For the year under review, AMTA recorded a surplus of N.dollars 26 million, compared to the deficit of N.dollars 62 million last year.
Lucas said 765 samples of agronomic and horticulture products from AMTA were tested and were in compliance with food safety standards of the European Union or Food and Agriculture Association of the United Nations.
At the moment, the government has five silos as part of the National Strategic Food Reserve (NSFR).
NSFR was established with the aim of ensuring that local grain producers have a market for their produce in order to support food security and guarantee that food is available at any given time.
The silos are located in Tsandi (Omusati), Okongo (Ohangwena), Omuthiya (Oshikoto), Rundu (Kavango East) and Katima Mulilo (Zambezi).

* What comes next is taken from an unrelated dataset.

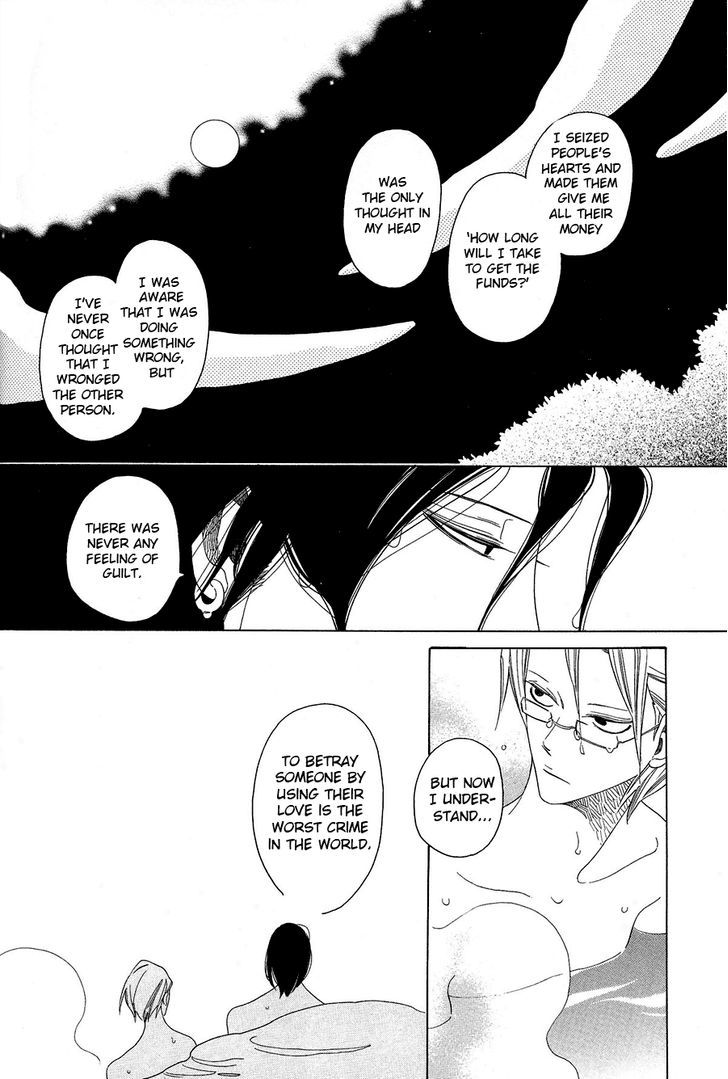 Non-non-non Chapter 1.1-3 page 10 - Vol.01 Chapter 1.3 : Anata no Tame nara doko Made mo 3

However, the current storage capacity of the five silos is 22 900 MT, a 68 per cent shortfall of the national target of 67 000 MT which the organisation aims to address by 2030.
Lucas further listed the pricing of grain, limited access to the market, high cost of laboratory analysis and oversupply or undersupply of certain fresh produce as its chief challenges.
As we speak now, there is an undersupply of onions in Namibia. We dont have onions as we speak. We need to look at how we can programme supply so our produce speak to the needs of the market, he said.